In this case, the impeller is just a fancy fan. It spins really fast inside the housing and creates pressure or vacuum, depending on which side you hook it up to.  Actually, every compressor creates both pressure and vacuum, but side-channel is one of the few technologies where you can use the same pump for both with no modification.  For instance, a piston compressor creates a vacuum on its inlet, but you can’t just hook a pipe up to it and use it in your process.   With a side-channel pump, you can.

This the first dynamic compressor that we have spotlighted.  As we mentioned before, a dynamic compressor uses a rotating element to accelerate the air and then forces it into a smaller space.  I like to think of it as a traffic jam on the interstate that happened because some lanes are blocked off, and the cars are the air molecules. The cars are jammed tighter together because of the lane blockage.  More cars jammed together in a tighter area is the higher pressure.

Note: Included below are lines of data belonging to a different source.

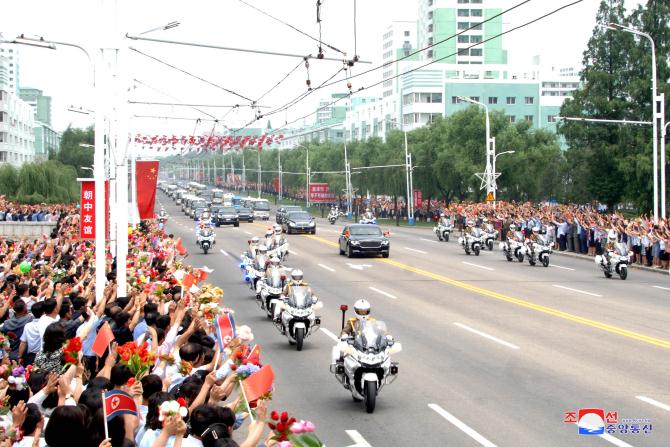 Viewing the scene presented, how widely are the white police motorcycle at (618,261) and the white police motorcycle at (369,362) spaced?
65.1ft

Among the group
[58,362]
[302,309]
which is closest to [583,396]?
[302,309]

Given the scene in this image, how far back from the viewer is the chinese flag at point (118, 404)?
7043 millimetres

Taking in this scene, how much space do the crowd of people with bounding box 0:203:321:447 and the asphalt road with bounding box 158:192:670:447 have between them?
192 cm

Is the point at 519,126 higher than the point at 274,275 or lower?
higher

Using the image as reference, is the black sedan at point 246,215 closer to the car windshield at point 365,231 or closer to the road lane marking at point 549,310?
the car windshield at point 365,231

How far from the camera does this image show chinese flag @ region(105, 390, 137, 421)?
7.04 m

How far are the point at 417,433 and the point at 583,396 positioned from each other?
308 cm

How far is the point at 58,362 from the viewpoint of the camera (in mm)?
9797

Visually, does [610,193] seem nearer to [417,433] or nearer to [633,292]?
[633,292]

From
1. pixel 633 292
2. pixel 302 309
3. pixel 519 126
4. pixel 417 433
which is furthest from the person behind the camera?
pixel 519 126

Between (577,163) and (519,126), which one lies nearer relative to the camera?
(577,163)

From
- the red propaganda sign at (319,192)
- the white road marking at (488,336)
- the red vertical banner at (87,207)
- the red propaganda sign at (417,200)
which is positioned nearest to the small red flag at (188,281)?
the red vertical banner at (87,207)

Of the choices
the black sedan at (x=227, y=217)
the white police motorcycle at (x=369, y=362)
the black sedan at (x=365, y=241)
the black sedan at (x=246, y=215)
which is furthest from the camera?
the black sedan at (x=246, y=215)

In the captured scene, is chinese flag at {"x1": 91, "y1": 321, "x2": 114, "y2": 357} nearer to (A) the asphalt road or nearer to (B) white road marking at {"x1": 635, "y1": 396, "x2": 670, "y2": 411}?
(A) the asphalt road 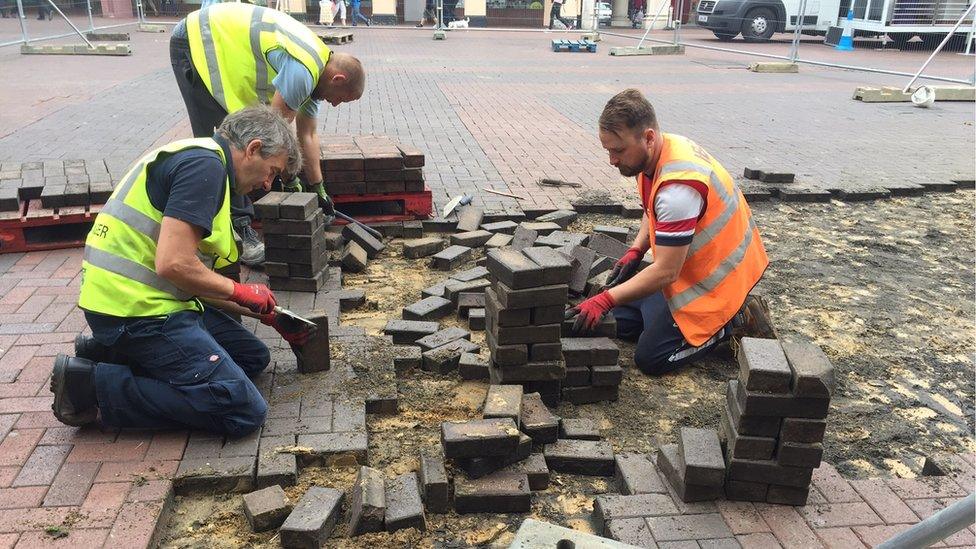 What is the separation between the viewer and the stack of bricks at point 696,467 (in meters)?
2.99

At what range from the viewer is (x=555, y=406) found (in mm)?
3916

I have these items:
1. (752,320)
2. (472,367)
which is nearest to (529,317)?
(472,367)

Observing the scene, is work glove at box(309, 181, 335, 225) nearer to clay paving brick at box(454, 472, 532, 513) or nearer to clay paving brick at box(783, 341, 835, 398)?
clay paving brick at box(454, 472, 532, 513)

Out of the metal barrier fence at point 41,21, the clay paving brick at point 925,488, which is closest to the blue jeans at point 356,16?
the metal barrier fence at point 41,21

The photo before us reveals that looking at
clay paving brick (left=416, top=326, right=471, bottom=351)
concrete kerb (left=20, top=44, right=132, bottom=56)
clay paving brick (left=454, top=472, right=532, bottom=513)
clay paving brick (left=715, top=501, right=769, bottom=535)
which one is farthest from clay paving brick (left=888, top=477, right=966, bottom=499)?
concrete kerb (left=20, top=44, right=132, bottom=56)

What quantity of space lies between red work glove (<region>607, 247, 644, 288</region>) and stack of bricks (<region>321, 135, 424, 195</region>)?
2.14 metres

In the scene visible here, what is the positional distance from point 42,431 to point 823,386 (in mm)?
3281

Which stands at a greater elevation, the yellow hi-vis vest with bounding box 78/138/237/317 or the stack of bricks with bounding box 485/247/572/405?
the yellow hi-vis vest with bounding box 78/138/237/317

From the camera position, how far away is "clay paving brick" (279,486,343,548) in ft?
9.02

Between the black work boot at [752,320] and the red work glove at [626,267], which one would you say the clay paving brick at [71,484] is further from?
the black work boot at [752,320]

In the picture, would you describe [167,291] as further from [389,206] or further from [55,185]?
[389,206]

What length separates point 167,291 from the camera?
3.29 metres

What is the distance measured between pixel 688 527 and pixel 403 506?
3.65 ft

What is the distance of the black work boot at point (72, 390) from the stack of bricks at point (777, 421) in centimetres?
271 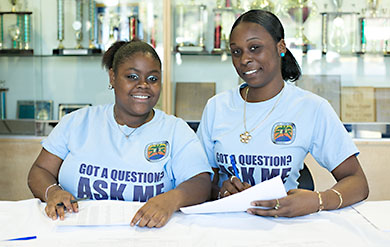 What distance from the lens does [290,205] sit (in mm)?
1388

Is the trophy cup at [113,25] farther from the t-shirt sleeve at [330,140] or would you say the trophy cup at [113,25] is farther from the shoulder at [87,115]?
the t-shirt sleeve at [330,140]

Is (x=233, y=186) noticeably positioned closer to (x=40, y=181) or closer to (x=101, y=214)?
(x=101, y=214)

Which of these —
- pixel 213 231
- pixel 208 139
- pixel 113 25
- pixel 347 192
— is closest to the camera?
pixel 213 231

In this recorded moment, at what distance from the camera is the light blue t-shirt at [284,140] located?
1.75 meters

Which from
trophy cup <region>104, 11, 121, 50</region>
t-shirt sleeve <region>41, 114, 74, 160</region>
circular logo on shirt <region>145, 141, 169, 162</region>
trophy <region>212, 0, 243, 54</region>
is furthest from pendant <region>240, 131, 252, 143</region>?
trophy cup <region>104, 11, 121, 50</region>

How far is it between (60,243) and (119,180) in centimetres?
48

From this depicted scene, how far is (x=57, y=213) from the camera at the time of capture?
4.59 ft

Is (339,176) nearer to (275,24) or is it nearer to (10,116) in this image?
(275,24)

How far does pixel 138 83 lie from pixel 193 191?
0.44m

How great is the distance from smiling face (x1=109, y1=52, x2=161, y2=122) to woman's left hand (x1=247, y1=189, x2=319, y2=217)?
0.57m

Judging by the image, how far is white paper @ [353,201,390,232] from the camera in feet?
4.38

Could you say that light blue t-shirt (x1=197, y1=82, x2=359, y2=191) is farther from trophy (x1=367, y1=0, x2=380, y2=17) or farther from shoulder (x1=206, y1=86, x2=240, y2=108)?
trophy (x1=367, y1=0, x2=380, y2=17)

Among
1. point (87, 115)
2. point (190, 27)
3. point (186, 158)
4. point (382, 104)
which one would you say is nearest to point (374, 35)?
point (382, 104)

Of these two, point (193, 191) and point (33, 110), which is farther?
point (33, 110) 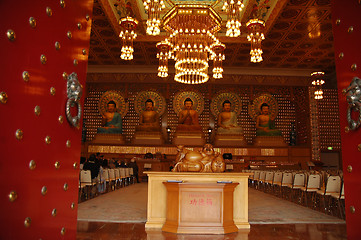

Unlike a bad day on I-95, however, side-channel technology is very useful.

Here are some applications where you’ll find side-channel blowers:

Central vacuum systems Packaging industry
Degasification of food Assembling and folding packaging materials
Dental vacuum Vacuum packaging
Drying out buildings Plastics industry
Filling bags / bottles / silos Contact free plastic film redirection
Fishpond ventilation Cooling and drying extruder products
Gas analysis EPS foaming
Industrial vacuum cleaners Granulate conveying
Laser printers Plastic welding
Pneumatic conveying Thermoforming
Swimming pool technology / jacuzzis Printing and paper industry
Letter sorting / enveloping Textile industry
Lifting and holding parts using vacuum suction Ventilation of sewage treatment plants
Soil remediation

Side-channel blowers and vacuum pumps have a lot of benefits:

1.  Very little or no maintenance
2.  100% duty cycle
3.  If sized correctly, they last a very long time.
4.  Very clean, no oil or lubricants at all in the pump
5.  The same pump can be used for pressure or vacuum.
6.  They are usually quieter than other technologies that offer the same pressure and flow

A good example is the Rietschle Velocis series.  It will run 40,000 hours flat out before you need to do any maintenance.  There are 8760 hours in a year, so it could run 4-1/2 years non-stop without you needing to touch it.  Of course, your usual work week for a compressor like this is 40-80 hours, so that’s between 9 and 19 years before any maintenance or parts are needed.

Of course, many of you haven’t heard of these before, so there must be some drawbacks.  Here they are:

1.  The range of vacuum and pressure they can supply is very small.  The most pressure out of the ones I’ve seen is 15 psi, and that’s a special 3-stage version.  Normally they operate between 3 and 10 psi.  That’s not a lot of pressure.  The same is true for using it to create a vacuum.  They don’t create a deep vacuum.  This limits their use to special applications that need very little pressure or a very light vacuum.

2.  They are very tricky to size properly.  Most of these blowers are used by OEM manufacturers as part of an engineered package.  The sizing was done by the engineers at the factory.  Unless you are extremely knowledgeable about compressed air or vacuum, you’re not going to pick one out of a brochure and put it in your shop.  Well, actually you can, but the odds of you choosing the wrong one are high.

Those are really the only cons, and they aren’t bad points – you shouldn’t use any technology outside of the limitations it was designed for.  If you need to supply a continuous flow of under 10 psi, side channel blowers are usually the way to go.  However, you should have a professional to help you pick one out.  Once sized correctly, side channel compressors will give you years, maybe decades, of  worry-free service.